In only two years, Vietnam has climbed to the third position among the six ASEAN countries enjoying the most active startup ecosystems, trailing behind only Indonesia and Singapore, according to regional venture capital firm Cento Ventures.
The Southeast Asia-focused firm stated in a recent report that the amount of invested capital and the number of technology deals done have grown six-fold between the first half of 2017 and the corresponding period of 2019.
Local startups raised a total of US$246 million during the first half of 2019. Of which, the three largest investments, including Tiki, VNPay, and VNG, captured 63 per cent of the funding. In terms of sectors, key blocks of the digital economy such as retail and payment accounted for almost 60 per cent of the reviewed investment capital.
Multi-vertical companies are growing well and have captured a 12 per cent share of the capital, while emerging sectors such as fintech, real estate, and logistics are only just beginning to pick up in Vietnam, collectively taking a 10 per cent share of the total capital.
“We have been observing a continuous growth in deals of all sizes. It is worth noting that 2018 and 2019 have also produced a new wave of local startups that raised US$50 million to US$100 million rounds for the first time. If this trend continues to progress, we expect to see more Vietnamese companies approaching US$0.5 billion and eventually US$1 billion valuation mark in the years to come,” Cento Ventures said.
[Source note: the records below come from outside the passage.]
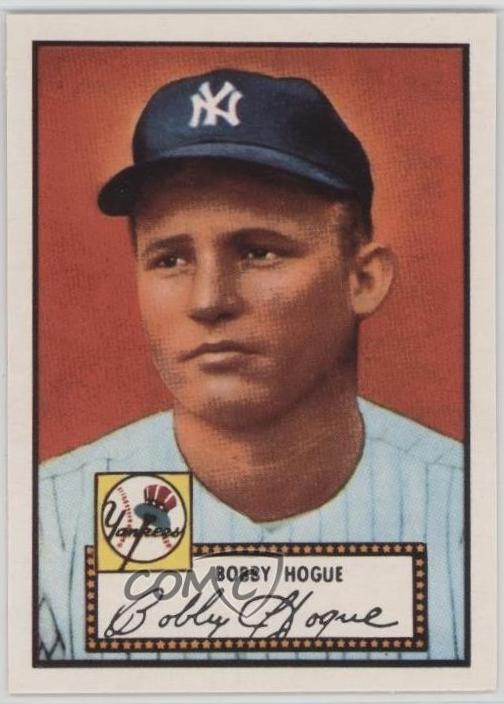 Bobby Hogue #9 1983 Topps 1952 Reprint Baseball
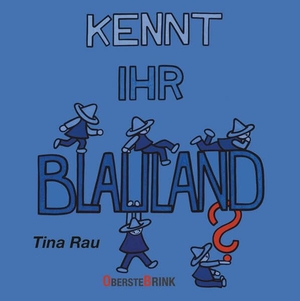 Rau, Tina. Kennt ihr Blauland? - Kreatives Bilderbuch über Vielfalt und Toleranz für Kinder ab 3. Oberstebrink, 2026.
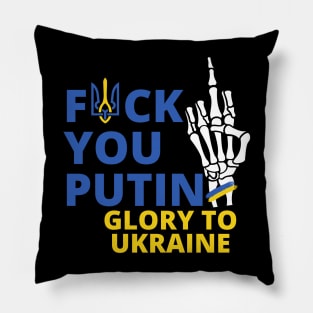 f**k you putin Glory to Ukraine Pillow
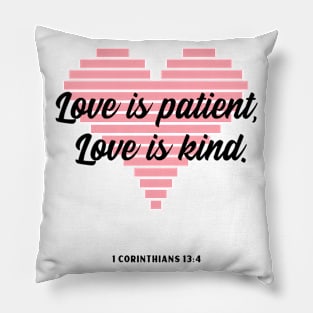 Love is patient, love is kind Pillow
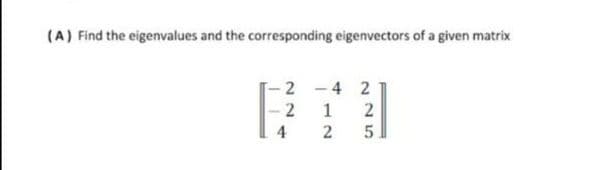 (A) Find the eigenvalues and the corresponding eigenvectors of a given matrix
2 - 4 2
1
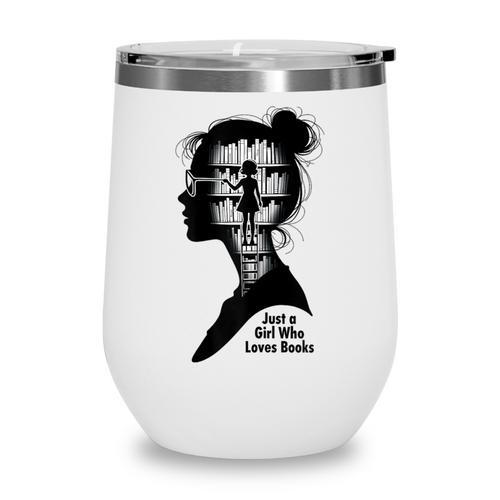 Just A Girl Who Loves Books Girls Books Lovers Wine Tumbler - Bookorys DE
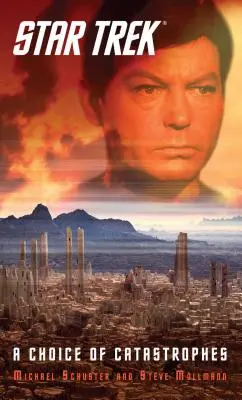 Star Trek: Výber katastrof - Star Trek: A Choice of Catastrophes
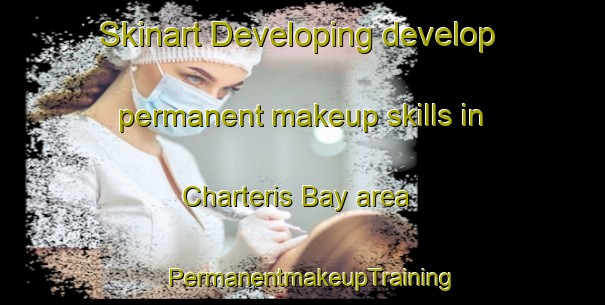 Skinart Developing develop permanent makeup skills in Charteris Bay area | PermanentmakeupTraining | PermanentmakeupClasses | SkinartTraining-New Zealand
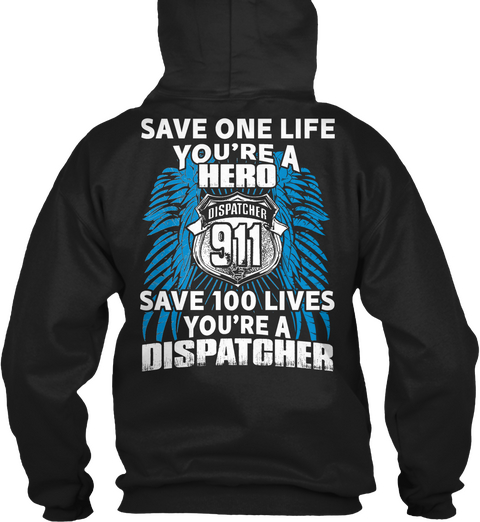 Save One Life You're A Hero Dispatcher 911 Save 100 Lives You're A Dispatcher Black Kaos Back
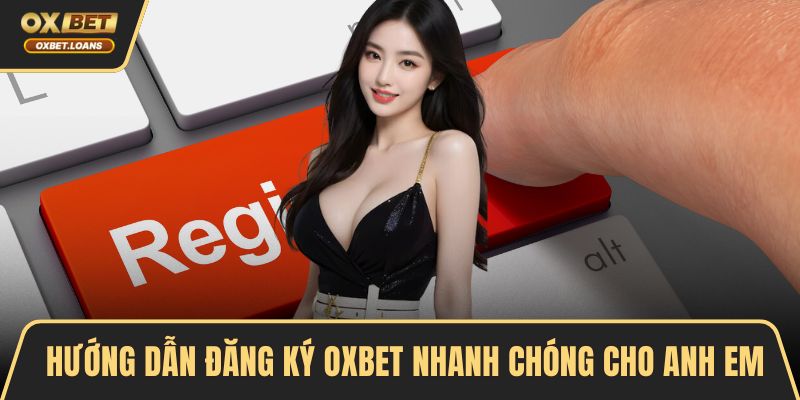 Hướng dẫn đăng ký OXBET nhanh chóng cho anh em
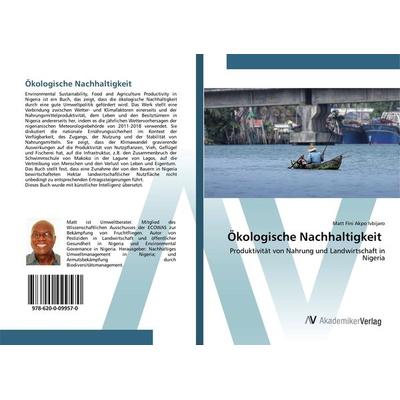 Ökologische Nachhaltigkeit, Taschenbuch von Matt Fini Akpo Ivbijaro, AV Akademikerverlag, 978-620-0-09957-0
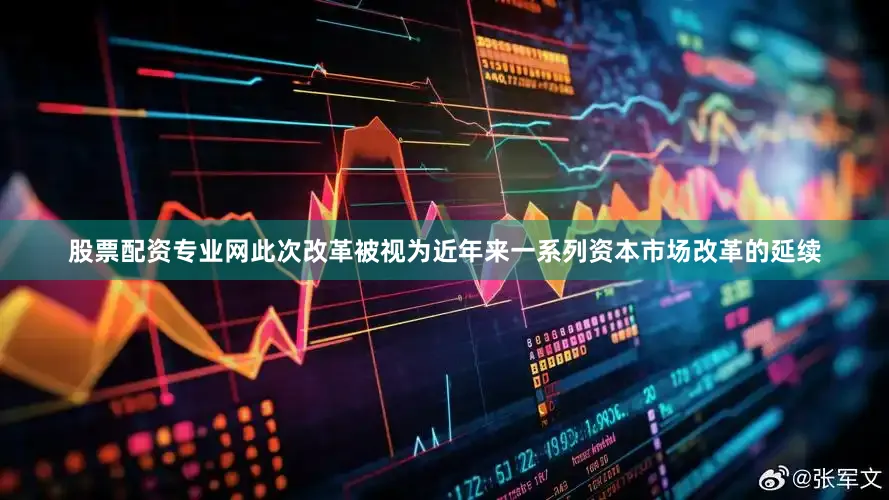 股票配资专业网此次改革被视为近年来一系列资本市场改革的延续
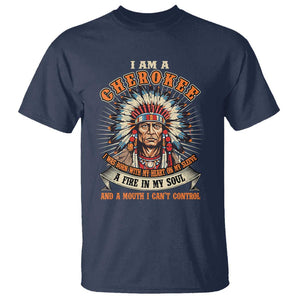 Native American Cherokee T Shirt A Fire In My Soul And A Mouth I Can't Control Indigenous TS09 Navy Print Your Wear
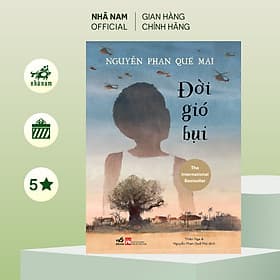 Đời gió bụi (Nguyễn Phan Quế Mai) (Nhã Nam Official) - Gió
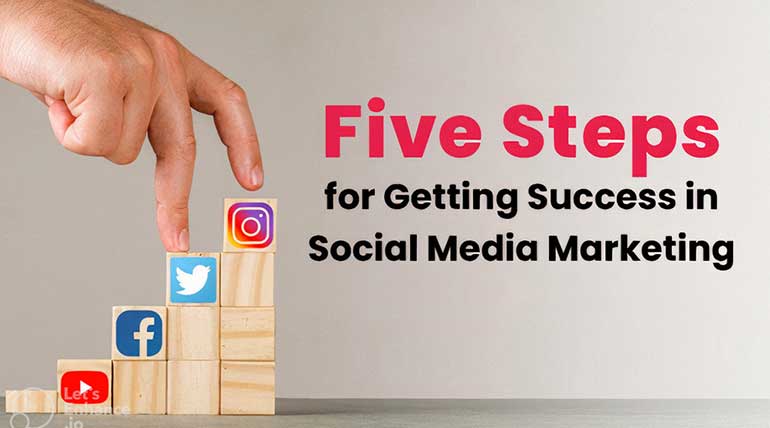 Five Steps Easy Checklist for Getting Success in Social Media Marketing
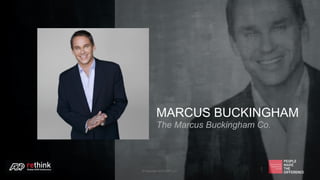 MARCUS BUCKINGHAM
The Marcus Buckingham Co.
1© Copyright 2015 ADP, LLC.
 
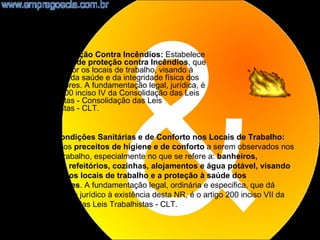 •    NR23 - Proteção Contra Incêndios: Estabelece
     as medidas de proteção contra Incêndios, que
     devem dispor os locais de trabalho, visando à
     prevenção da saúde e da integridade física dos
     trabalhadores. A fundamentação legal, jurídica, é
     o artigo 200 inciso IV da Consolidação das Leis
     Trabalhistas - Consolidação das Leis
     Trabalhistas - CLT.


    NR24 - Condições Sanitárias e de Conforto nos Locais de Trabalho:
    Disciplina os preceitos de higiene e de conforto a serem observados nos
    locais de trabalho, especialmente no que se refere a: banheiros,
    vestiários, refeitórios, cozinhas, alojamentos e água potável, visando
    a higiene dos locais de trabalho e a proteção à saúde dos
    trabalhadores. A fundamentação legal, ordinária e especifica, que dá
    embasamento jurídico à existência desta NR, é o artigo 200 inciso VII da
    Consolidação das Leis Trabalhistas - CLT.

                                                                           16
 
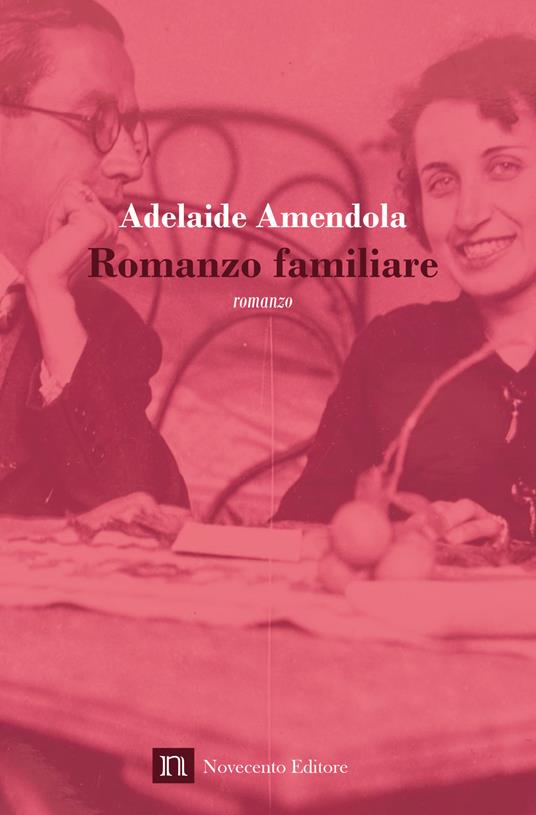 Romanzo familiare - Adelaide Amendola - copertina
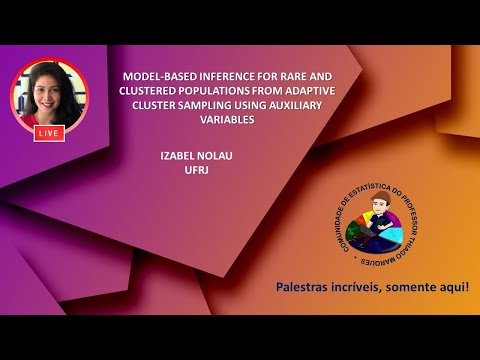 Live Izabel Nolau (UFRJ) - Model-based Inference for Rare and Clustered Populations ...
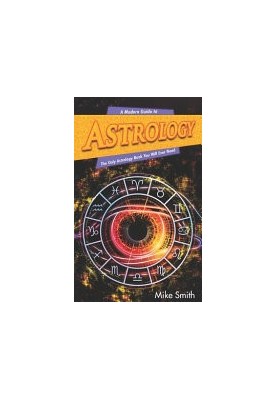 A Modern Guide to Astrology: The Only Astrology Book You Will Ever Need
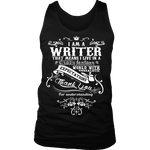 I am a writer Mens Tank - Gifts For Reading Addicts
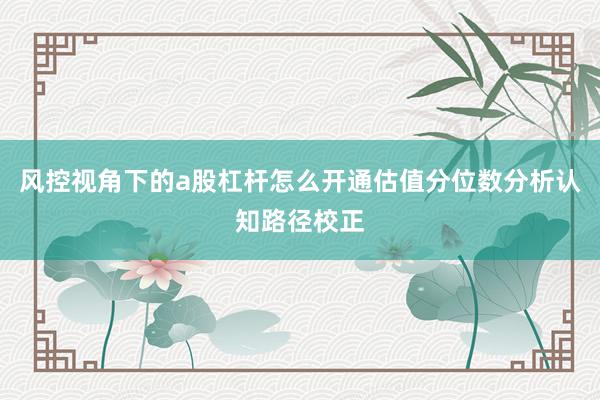 风控视角下的a股杠杆怎么开通估值分位数分析认知路径校正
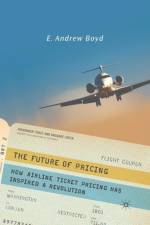 The Future of Pricing af E. Boyd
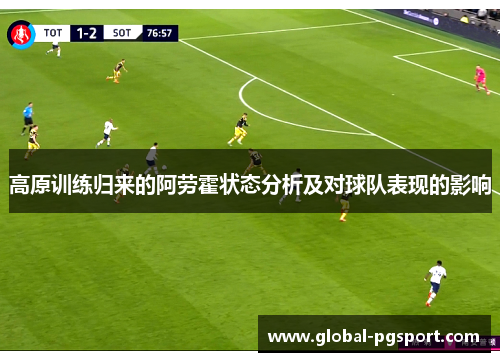 高原训练归来的阿劳霍状态分析及对球队表现的影响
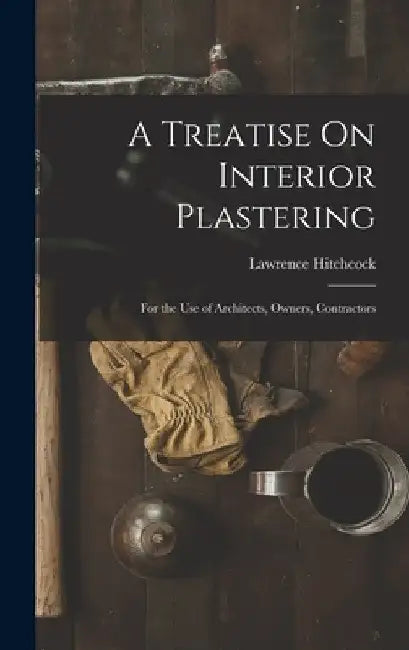 A Treatise On Interior Plastering: For the Use of Architects, Owners, Contractors by Lawrence Hitchcock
Between 2017 and 2018, the majority of deals came from Singapore and Japan-based investors. This year, Korean VCs took the throne as one of the most active investors during the year’s first half, having participated in almost 30 per cent of the deals. Notably, many of the Korean financiers invested in Vietnamese startups for the first time. Local investors were equally active, with participation in some 36 per cent of the deals. The number of deals grew from 13 during the first half of 2018 to 21 deals in the same period of 2019.
Enterprises also play an active role in Vietnam’s startup ecosystem. For example, FPT has long provided investment support to local startups. Last year saw Vingroup set up its corporate ventures capital (CVC), while other prominent corporations such as Masan and VietjetAir are also considering similar initiatives.
Leading banks like VPBank and TPBank provide preferential lending programs for startups. Indeed, VPBank and UP Coworking offer free facilities for qualified companies. Viettel, the largest Vietnamese state-owned corporation, has been active in organising and sponsoring numerous startup events such as Viet Challenge, IOT Hackathon, and Viettel Advanced Solution Track.
Vietnam has experienced a surge in both the amount of capital invested and the number of deals done since the beginning of 2018, with the 2018 fiscal year totaling US$444 million, whilst the 2019 fiscal year is expected to reach US$800 million.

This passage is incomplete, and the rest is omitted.